That, of course, ignores Enterprise entirely.

ireactions wrote:

That said, this is part and parcel of a shared universe. There's a wide variety of tones.

No I get that and I assume that young children who loved Superman aren't going to be forced to watch an NC-17 rated TV show on a premium network to enjoy the next movie.  But I do think it might be funny for someone who only knows James Gunn for the Guardians movies, jumped over to Superman and enjoyed the wholesomeness there, and then to immediately jump into Peacemaker Season 2 and see a dramatic shift in tone.

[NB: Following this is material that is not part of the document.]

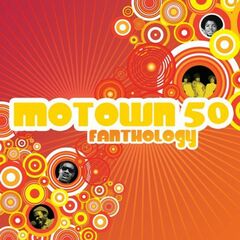 50 Soft Goldies (CD)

And technically Gunn has written the entirety of the DCU.  Creature Commandos, Superman, and Peacemaker Season 2.  He's also writing the Superman sequel.  I assume he's a guy who either works really fast or really loves working.  I do worry he's either going to have to do the whole thing himself or the whole thing will lose momentum.  Supergirl will be the first thing released he didn't write, and I don't know how Clayface really fits in with the overall narrative.  After that, it's a lot of question marks.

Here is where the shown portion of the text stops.